Report No. 110
30.5. Sections 177 & 178-Need for specific rule as to bequest to debtor.-
The sections, so far as they go, are satisfactory and judicial decisions do not seem to have created any serious problems. There is one situation, however, about which a specific rule appears to be desirable. There is no provision in the Act as regards bequest to a debtor, though a bequest by a debtor is covered by section 177. It appears that in England, where the legatee of a general legacy of a share or a residue is a debtor to the estate, he is not entitled to receive the legacy without first bringing his debt into account; and, for this purpose, it makes no difference whether the debt is alive or is barred by limitation.
A similar rule has been judicially applied in India. In a Calcutta case1, A and B were indebted to the estate, and died without satisfying their debt (the debts were barred by limitation).

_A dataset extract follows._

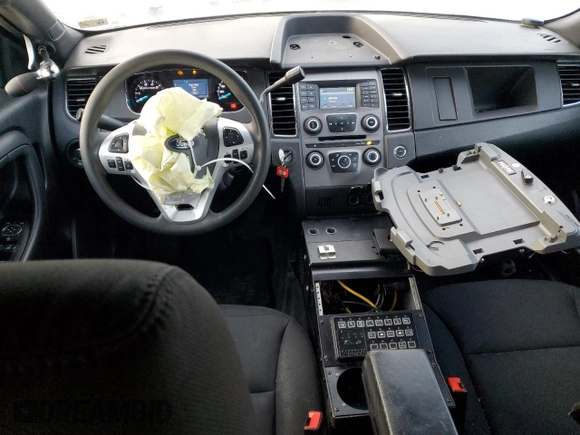 2018 Ford Police Interceptor with VIN 1FAHP2MKXJG110591, listed as a Copart auction lot 42138785 with 72,673 mi miles and Salvage title. Bid and sale history available at DreamBid. Image 8.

Their descendants claimed a share in the estate of the testator, apparently under a will. It was held that they could not be allowed to receive the share without first satisfying the debts due from them to the estate. This is really analogous to setting off the debt against the legacy. Justice and the presumed intention of the testator support such a course.
1. Loke Nath Mullick v. Odoyachzvar, 1881 ILR 7 Cal 644.

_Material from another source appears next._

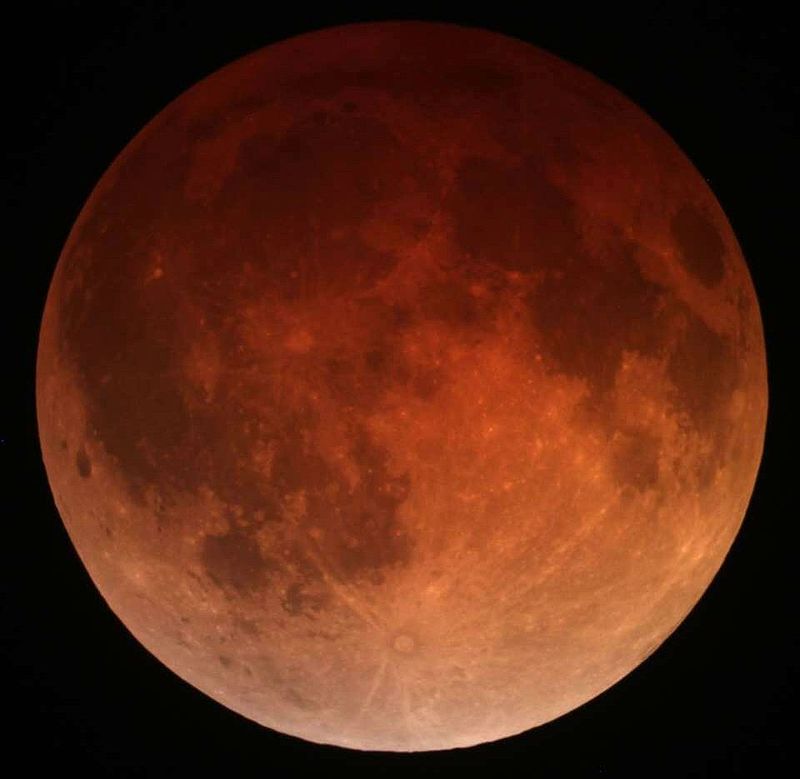 Lunar_eclipse_April_15_2014_California_Alfredo_Garcia_Jr1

It may be worthwhile to codify this judicial interpretation. We recommend that for this purpose a new section 177A should be inserted as follows:-
"177A. Where a creditor bequeaths a legacy to his debtor, and it does not appear from the will that the legacy is to be paid even if the debt is not repaid by the debtor, the debtor shall not be entitled to the legacy unless so much of the debt as has become due and payable has been repaid."